A Roma fu ricevuto dal cardinale Milesi e attaccato alla polizia del papa, fu incaricato dal cardinale Antonelli di sorvegliare il barone di Rimini inviato a Roma da Cavour colla missione segreta di entrare nelle buone grazie del Sacro Collegio, e conoscere ciò che i Sanfedisti complottavano contro l'Italia,
In questa sorveglianza Nataniele Rota fu assolutamente infelice, e ingannato dal barone di Rimini, che subito si accorse essere lui un agente segreto di Antonelli.
Colui per ingannarlo faceva mostra di non accorgersi menomamente di averlo alle spalle ed entrava a visitar tutte le chiese a pregare fervorosamente ora dinanzi ad un Crocifisso ora dinanzi a un'imagine di Madonna.
Il Rota dava ad Antonelli i rapporti più rassicuranti su quell'agente segreto di Cavour.
Fu involto nel famoso processo fatto dal capo di squadrone della gendarmeria francese Bellot de la Vigne contro gli assassini Mariani ed Ortoli che il Sacro Collegio aveva fatti uscir dal bagno per uccidere Napoleone e Garibaldi.
Convinti d'aver pubblicamente propalato il progetto di assassinio pur furono salvi per la protezione di Antonelli, che affidò al Rota il difficile incarico di distruggere la istruzione e di far passare la frontiera ai due manigoldi.
Durante la guerra civile spagnuola egli fu incaricato dal superiore dei Gesuiti di Bordò di portarsi al quartier generale di Don Carlos a recargli il contratto, col quale l'Ordine si impegnava a passargli centomila franchi al giorno, per mantenere i suoi briganti nelle provincie di Biscaglia.
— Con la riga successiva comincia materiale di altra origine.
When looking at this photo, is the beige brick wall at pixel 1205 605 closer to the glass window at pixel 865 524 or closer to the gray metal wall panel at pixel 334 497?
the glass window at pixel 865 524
Nel 1872 gli capitò in ferrovia lo scandalo della Viscontessa V... Il capo treno colse Nataniele Rota nel vagone, solo colla signora, in tale atto, che, il suo dovere, gli impose di far rapporto all'Ufficio delle strade ferrate.
Il caso fu portato dinanzi ai tribunali, dove come pezza di prova comparvero perfino i calzoni della signora.
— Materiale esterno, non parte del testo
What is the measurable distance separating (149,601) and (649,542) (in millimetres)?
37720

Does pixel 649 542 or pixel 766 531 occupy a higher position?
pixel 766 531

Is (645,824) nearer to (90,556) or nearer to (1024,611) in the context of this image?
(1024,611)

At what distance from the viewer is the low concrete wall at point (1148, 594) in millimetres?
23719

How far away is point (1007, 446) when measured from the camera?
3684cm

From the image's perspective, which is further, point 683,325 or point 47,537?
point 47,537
Ma il tribunale correzionale di Rochefort si guardò bene di condannare il reo; e Veuillot nell’Univers difese il Rota a spada tratta, dicendo che il fatto s'era consumato colle tendine abbassate e senza testimoni.
Trattarsi «d'un garçon et d'une veuve sans enfants: autant de cìrconstances attenuantes qui prouvent l’innocence de touts les deux».
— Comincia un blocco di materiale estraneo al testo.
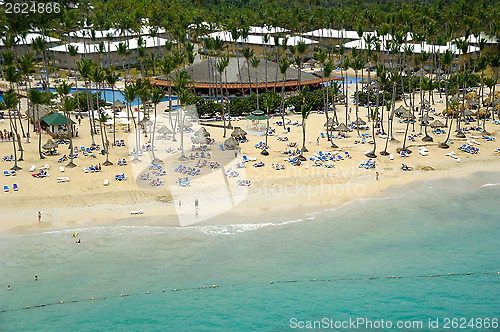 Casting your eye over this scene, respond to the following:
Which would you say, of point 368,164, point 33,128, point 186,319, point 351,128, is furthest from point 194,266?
point 33,128

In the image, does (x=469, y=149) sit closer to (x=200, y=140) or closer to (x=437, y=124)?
(x=437, y=124)

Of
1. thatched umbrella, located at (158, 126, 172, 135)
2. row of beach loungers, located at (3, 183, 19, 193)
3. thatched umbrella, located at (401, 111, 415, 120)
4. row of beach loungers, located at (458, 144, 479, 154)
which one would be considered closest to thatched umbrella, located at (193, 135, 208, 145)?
thatched umbrella, located at (158, 126, 172, 135)

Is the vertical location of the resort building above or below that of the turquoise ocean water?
above

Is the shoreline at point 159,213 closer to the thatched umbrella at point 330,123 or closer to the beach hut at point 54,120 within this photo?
the thatched umbrella at point 330,123

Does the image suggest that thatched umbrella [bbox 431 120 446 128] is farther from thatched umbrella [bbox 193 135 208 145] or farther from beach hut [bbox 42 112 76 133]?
beach hut [bbox 42 112 76 133]

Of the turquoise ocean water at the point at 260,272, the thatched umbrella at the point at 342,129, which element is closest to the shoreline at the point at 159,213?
the turquoise ocean water at the point at 260,272

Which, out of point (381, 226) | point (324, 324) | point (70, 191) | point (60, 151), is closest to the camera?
point (324, 324)

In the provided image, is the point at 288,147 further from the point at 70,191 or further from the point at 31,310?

Lo zelante capo treno della Compagnia dell'Ovest che aveva osato denunciare il sant'uomo fu gettato su una strada dalla Direzione della Società.
Nominato sotto prefetto da Napoleone III, per rimeritarlo dei molti servigi prestatigli in passato, si fece odiare dai suoi amministrati, in modo che gli si dovette mutar residenza. Ciò che gli fu concesso, pochi mesi prima della guerra contro la Prussia, con avanzamento di grado. Nel caso venisse in Italia sia sorvegliato severamente.